Understanding Permissions in Lens
Lens does not grant additional access.
What you can do depends on:
- The user defined in kubeconfig
- Kubernetes RBAC roles and bindings
Examples:
- Read-only kubeconfig → view-only access
- Admin kubeconfig → full cluster control
If Lens shows permission errors, the issue is RBAC, not Lens.

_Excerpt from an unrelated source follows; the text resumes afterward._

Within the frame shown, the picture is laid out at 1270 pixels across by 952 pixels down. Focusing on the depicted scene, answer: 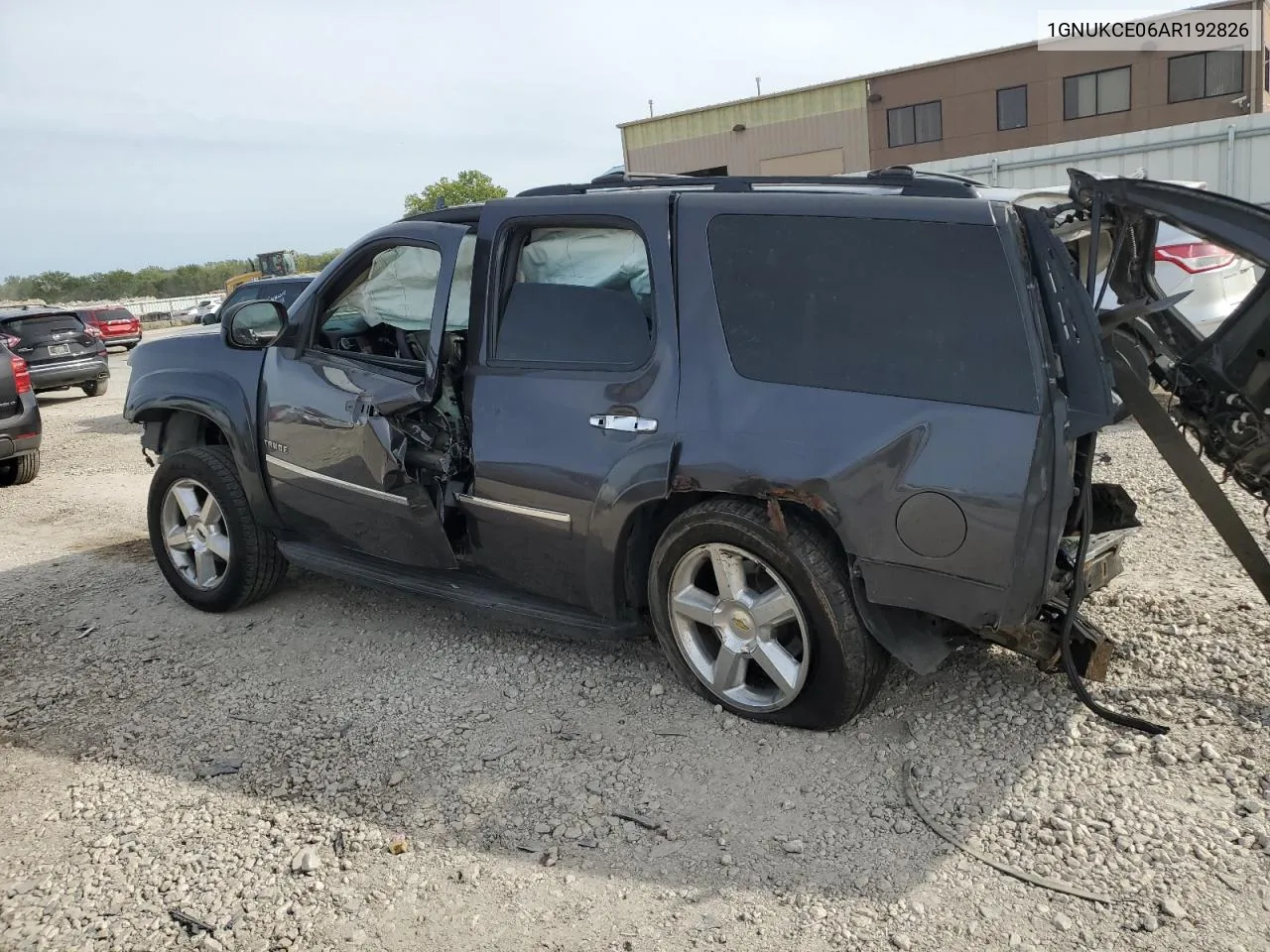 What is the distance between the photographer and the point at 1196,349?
368 centimetres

Recommended Use Cases for Lens
Lens is well-suited for:
- Visual inspection of cluster state
- Debugging workloads
- Viewing logs and events
- Exploring Kubernetes objects
- Learning Kubernetes behavior
Lens is not recommended as the primary tool for:
- Production deployments
- CI/CD pipelines
- Infrastructure automation
For production, prefer:
kubectl- GitOps workflows
- Declarative manifests
Security Best Practices
- Treat kubeconfig files as sensitive credentials
- Do not share kubeconfig files
- Use separate kubeconfigs for:
- Development
- Staging
- Production
- Remove unused contexts
- Revoke access by rotating credentials when needed
Lens is only as secure as the kubeconfig it uses.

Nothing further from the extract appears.